The 2010 South Carolina Gamecocks baseball team represented the University of South Carolina in the 2010 NCAA Division I baseball season. The Gamecocks played their home games in Carolina Stadium. The team was coached by Ray Tanner, who was in his fourteenth season at Carolina.

USC finished second in the Southeastern Conference regular season standings, and received an at-large bid to the 2010 NCAA Division I baseball tournament. The Gamecocks were designated the #1 seed and host of the Columbia Regional. Carolina went 3–0 in their Regional to advance to the Super Regionals. The Gamecocks beat Coastal Carolina in two games to win the Myrtle Beach Super Regional and advance to the 2010 College World Series. After losing the opener, the Gamecocks won their next six games to win the national championship, defeating UCLA in the CWS Championship Series in consecutive games, 7–1 and 2–1.

== Regular season ==
The Gamecocks won their first seven SEC series of the 2010 season, which continued a streak of ten straight dating back to the end of the 2009 season. Another carryover streak was that of Whit Merrifield, who set a USC record when he hit safely in his 26th game in a row during the March 10 contest against Valparaiso. Another school record was tied in that game, as Gamecock pitchers combined to strike out 18 batters. Scott Wingo set a USC record on March 13 when he was hit by a pitch for the 35th time in his college career.

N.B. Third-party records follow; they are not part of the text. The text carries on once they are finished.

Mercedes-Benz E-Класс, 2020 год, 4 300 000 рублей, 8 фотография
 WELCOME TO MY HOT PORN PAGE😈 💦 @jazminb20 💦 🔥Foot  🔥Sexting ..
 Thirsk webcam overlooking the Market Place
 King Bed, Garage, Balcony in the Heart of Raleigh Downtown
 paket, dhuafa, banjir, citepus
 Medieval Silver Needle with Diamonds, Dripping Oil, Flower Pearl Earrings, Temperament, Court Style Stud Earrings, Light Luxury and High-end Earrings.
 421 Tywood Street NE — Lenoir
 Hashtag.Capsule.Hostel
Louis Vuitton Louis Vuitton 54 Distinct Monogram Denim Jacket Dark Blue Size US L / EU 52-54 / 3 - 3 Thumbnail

Carolina lost the annual series against archrival Clemson for the first time since 2006 by losing two of three games against the Tigers. The March 6 game at Fluor Field was the first game between both schools at that stadium and the first game played in Greenville since the 1990 season.

Head Coach Ray Tanner recorded his 600th victory at USC with a 10–1 win over The Citadel on March 30, and his 1,000th career victory with a 2–0 win over Vanderbilt on April 11.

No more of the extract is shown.